Task description:
Each line of the data below between the one containing "In chapter 10, we" and the one containing "Today I'm going", both included, is to be repeated exactly. Please omit pictures.

Stored items:
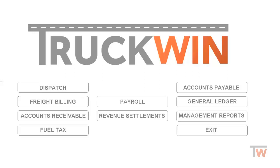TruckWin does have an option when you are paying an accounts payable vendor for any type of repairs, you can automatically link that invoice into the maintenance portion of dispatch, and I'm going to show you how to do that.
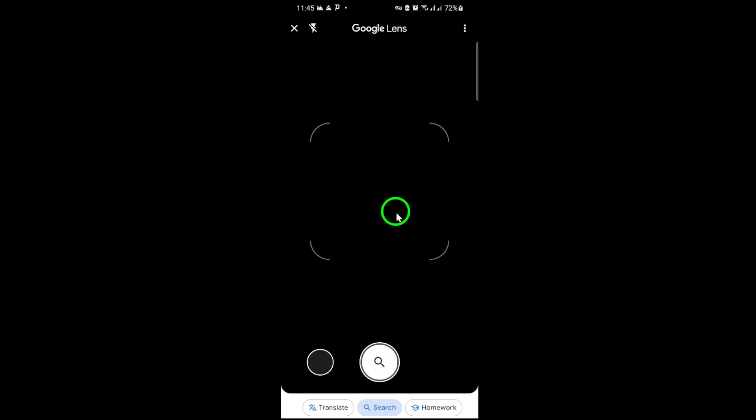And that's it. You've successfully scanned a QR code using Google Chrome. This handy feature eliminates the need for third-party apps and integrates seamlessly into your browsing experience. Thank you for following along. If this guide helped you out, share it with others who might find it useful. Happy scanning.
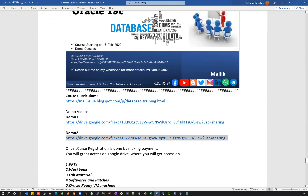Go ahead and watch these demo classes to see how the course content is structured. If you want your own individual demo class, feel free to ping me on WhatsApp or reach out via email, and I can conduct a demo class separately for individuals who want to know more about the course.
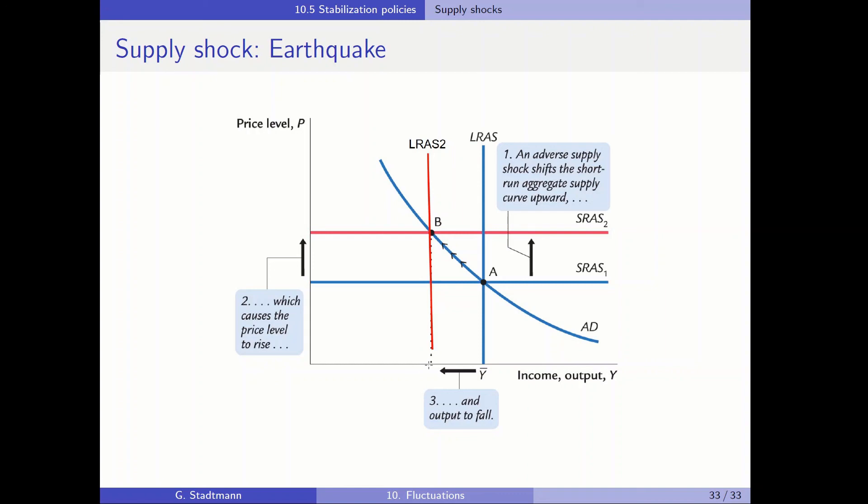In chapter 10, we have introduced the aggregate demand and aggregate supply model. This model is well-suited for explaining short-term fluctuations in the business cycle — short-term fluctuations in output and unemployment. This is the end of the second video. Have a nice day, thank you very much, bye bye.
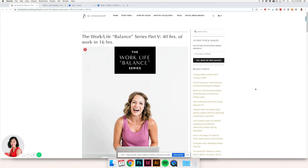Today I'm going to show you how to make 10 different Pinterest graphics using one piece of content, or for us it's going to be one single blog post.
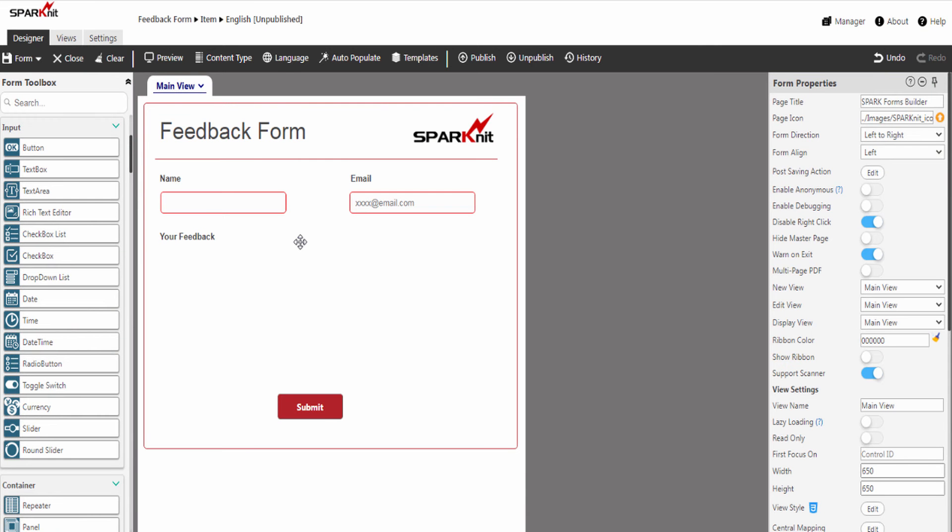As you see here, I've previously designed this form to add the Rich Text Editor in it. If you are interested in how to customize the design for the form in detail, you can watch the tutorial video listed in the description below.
--
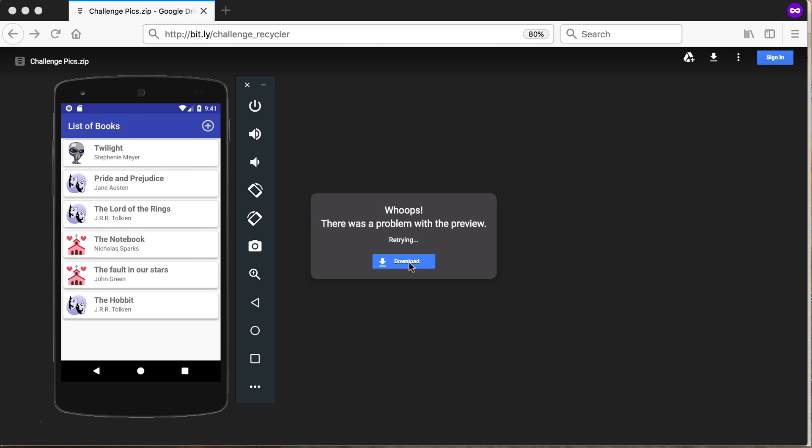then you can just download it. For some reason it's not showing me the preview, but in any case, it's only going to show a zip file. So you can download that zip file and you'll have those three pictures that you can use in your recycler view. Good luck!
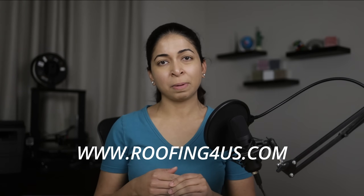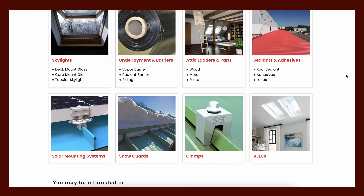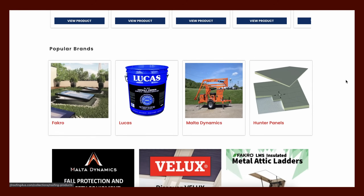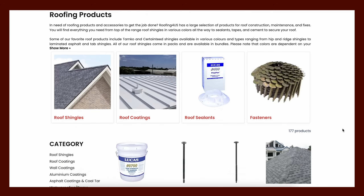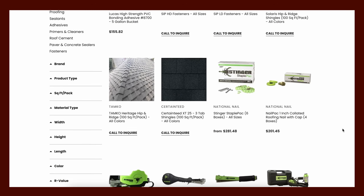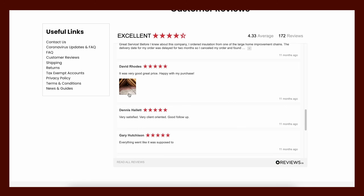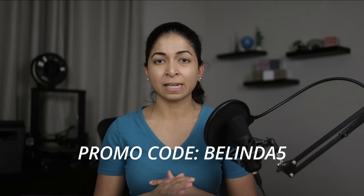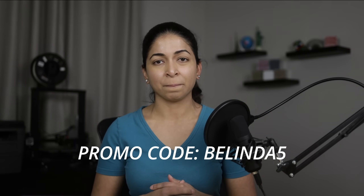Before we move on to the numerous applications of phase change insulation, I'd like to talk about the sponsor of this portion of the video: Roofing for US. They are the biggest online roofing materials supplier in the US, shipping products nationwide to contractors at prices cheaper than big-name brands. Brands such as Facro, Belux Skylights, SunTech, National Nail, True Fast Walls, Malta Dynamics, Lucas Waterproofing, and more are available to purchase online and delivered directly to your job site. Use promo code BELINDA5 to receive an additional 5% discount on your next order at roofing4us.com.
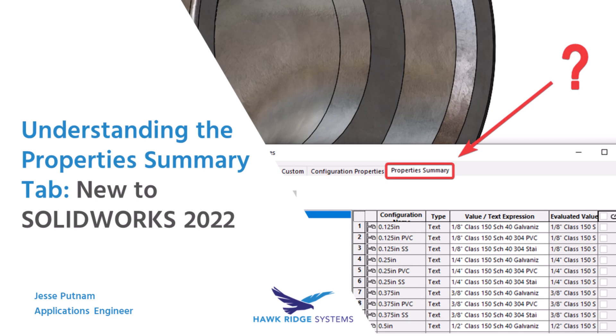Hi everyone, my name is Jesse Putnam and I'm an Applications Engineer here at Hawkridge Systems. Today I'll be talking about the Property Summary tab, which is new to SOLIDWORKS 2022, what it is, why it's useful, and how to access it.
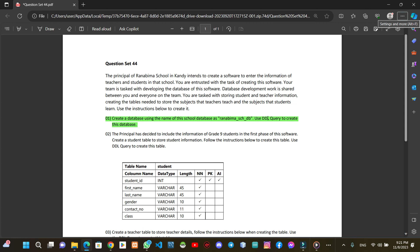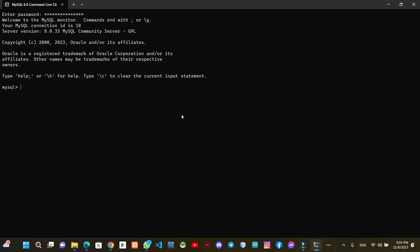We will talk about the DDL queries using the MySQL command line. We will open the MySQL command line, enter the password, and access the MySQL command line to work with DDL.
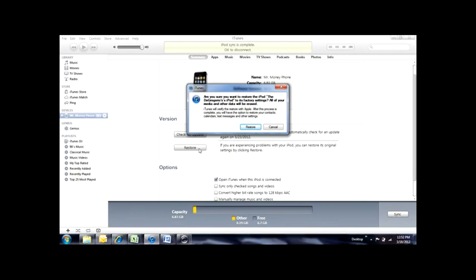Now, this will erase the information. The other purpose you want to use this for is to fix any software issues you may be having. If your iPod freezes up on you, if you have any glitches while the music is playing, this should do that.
---
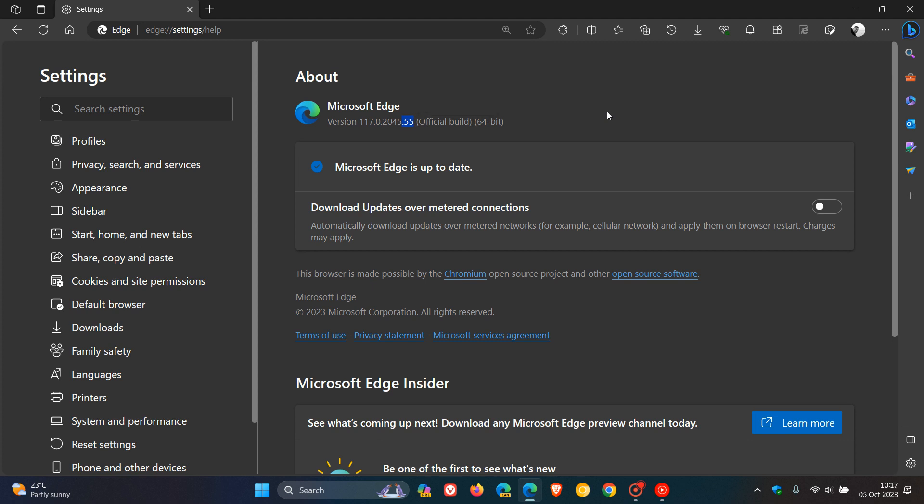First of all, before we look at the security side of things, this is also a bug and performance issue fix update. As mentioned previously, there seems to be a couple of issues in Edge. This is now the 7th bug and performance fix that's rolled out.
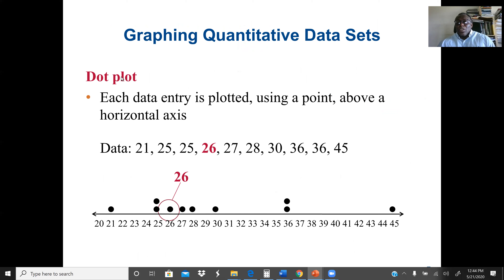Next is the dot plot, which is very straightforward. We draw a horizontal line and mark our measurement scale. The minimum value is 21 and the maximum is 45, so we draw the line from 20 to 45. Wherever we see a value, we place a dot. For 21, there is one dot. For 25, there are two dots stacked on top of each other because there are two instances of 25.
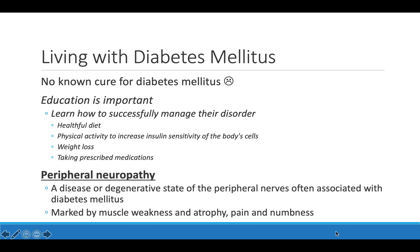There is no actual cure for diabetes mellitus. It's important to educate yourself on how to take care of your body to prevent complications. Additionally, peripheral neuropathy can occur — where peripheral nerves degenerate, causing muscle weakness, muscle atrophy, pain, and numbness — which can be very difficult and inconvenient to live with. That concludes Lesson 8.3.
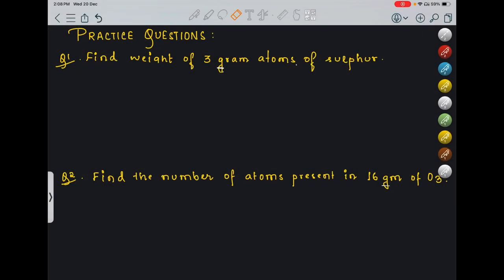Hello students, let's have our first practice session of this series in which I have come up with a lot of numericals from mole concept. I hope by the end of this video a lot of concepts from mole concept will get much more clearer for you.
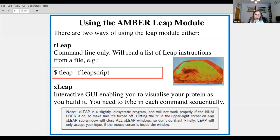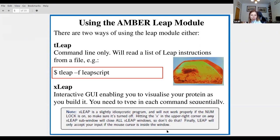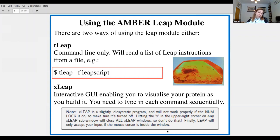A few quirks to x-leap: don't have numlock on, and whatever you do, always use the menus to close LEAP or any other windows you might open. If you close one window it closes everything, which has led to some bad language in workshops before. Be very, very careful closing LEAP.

Solution to the exercise:
In chapter 10, we have introduced the aggregate demand and aggregate supply model. This model is well-suited for explaining short-term fluctuations in the business cycle — short-term fluctuations in output and unemployment. This is the end of the second video. Have a nice day, thank you very much, bye bye.
Today I'm going to show you how to make 10 different Pinterest graphics using one piece of content, or for us it's going to be one single blog post.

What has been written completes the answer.